Autotuning for JAX/Pallas kernels
Project description
tonno
Autotuning for JAX/Pallas kernels — a lightweight @autotune decorator that sweeps
block-size configs, times them on the current device, and caches the winner so the
sweep only runs once per (hardware, problem shape) pair.
Inspired by Triton's @triton.autotune. Fills the same gap for Pallas (see
jax-ml/jax#24340).
Install
pip install tonno # or: uv add tonno
Usage
1. Define a config type
Use a NamedTuple — hashable, fully typed, JSON-serialisable out of the box:
from typing import NamedTuple
class GemmConfig(NamedTuple):
bm: int # output tile rows
bn: int # output tile cols
2. Decorate your Pallas kernel
The config is the first positional argument. Autotune injects it; callers never pass it directly. Key kwargs identify the problem shape and are used as the cache key.

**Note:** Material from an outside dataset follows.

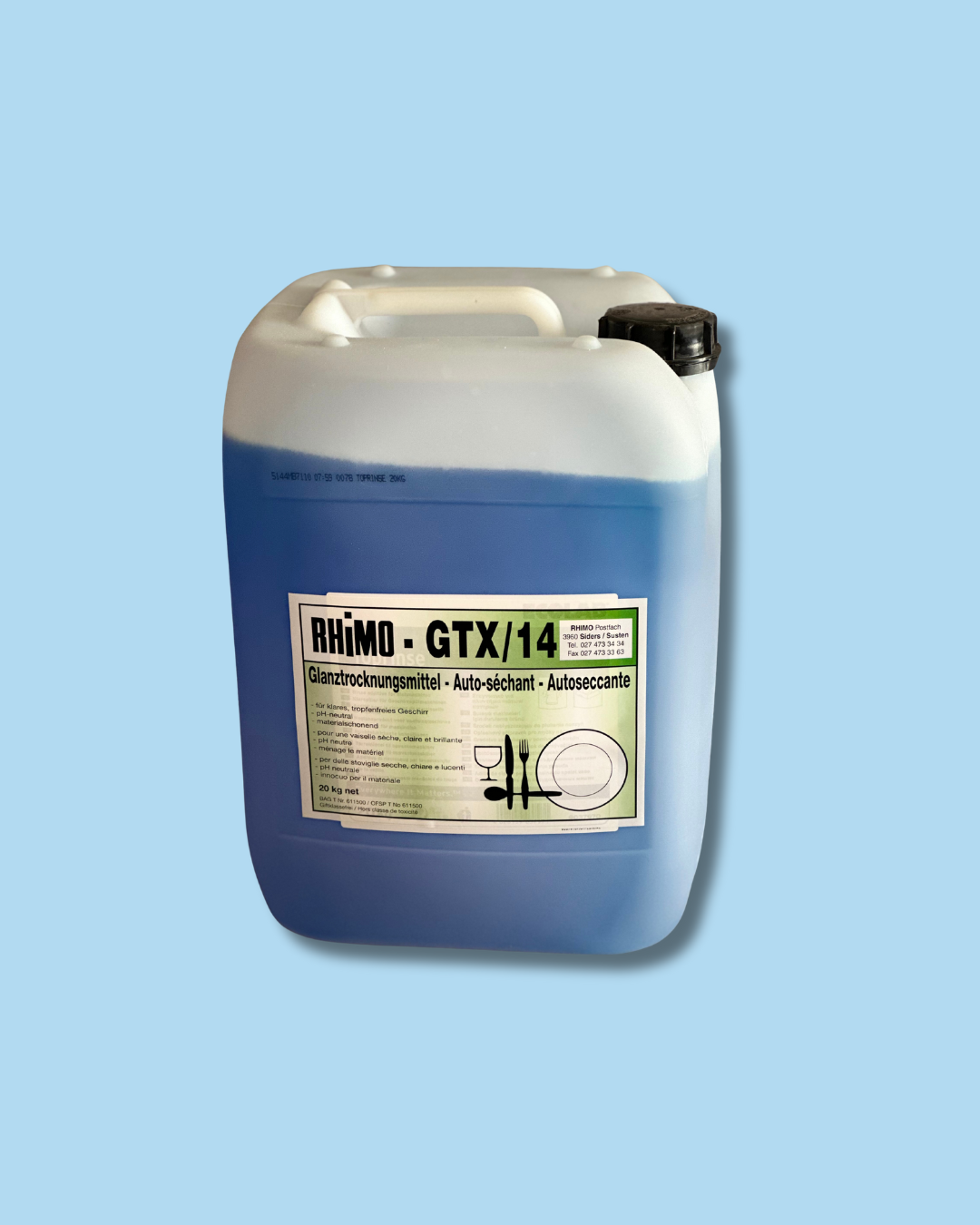 Rhimo GTX/14 (neutral)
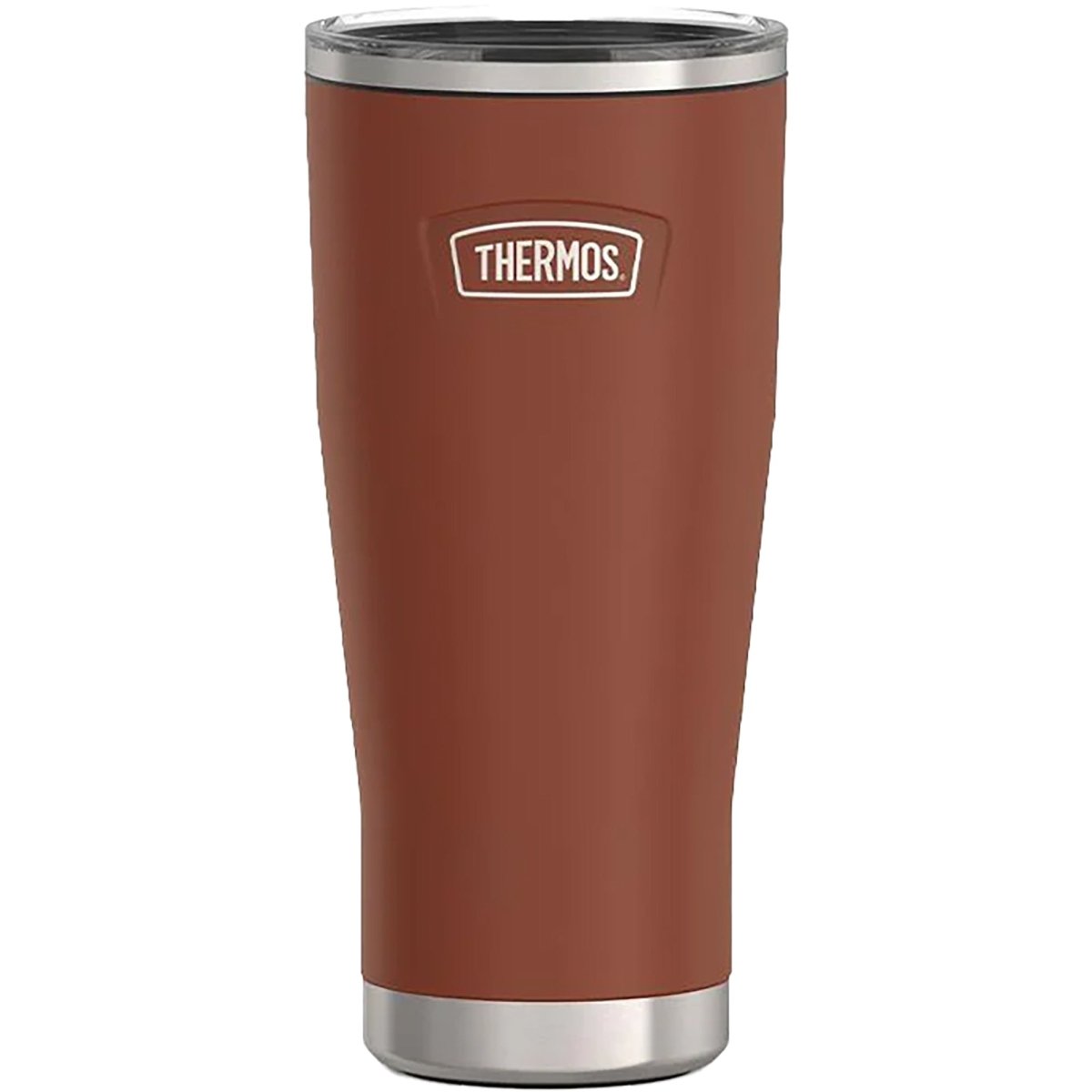 Thermos 24. oz Icon Vacuum Insulated Stainless Steel Tumbler w/ Slide Lock Lid - Forza Sports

from jax.experimental import pallas as pl
from tonno import autotune
@autotune(
configs=[
GemmConfig(bm=16, bn=64),
GemmConfig(bm=32, bn=128),
GemmConfig(bm=64, bn=128),
],
key=["M", "K", "N"],
)
def matmul(
cfg: GemmConfig,
a: jax.Array,
b: jax.Array,
*,
M: int | None = None, # key param — must have a default
K: int | None = None,
N: int | None = None,
) -> jax.Array:
# cfg.bm / cfg.bn are concrete ints at JIT compile time (static_argnums=0)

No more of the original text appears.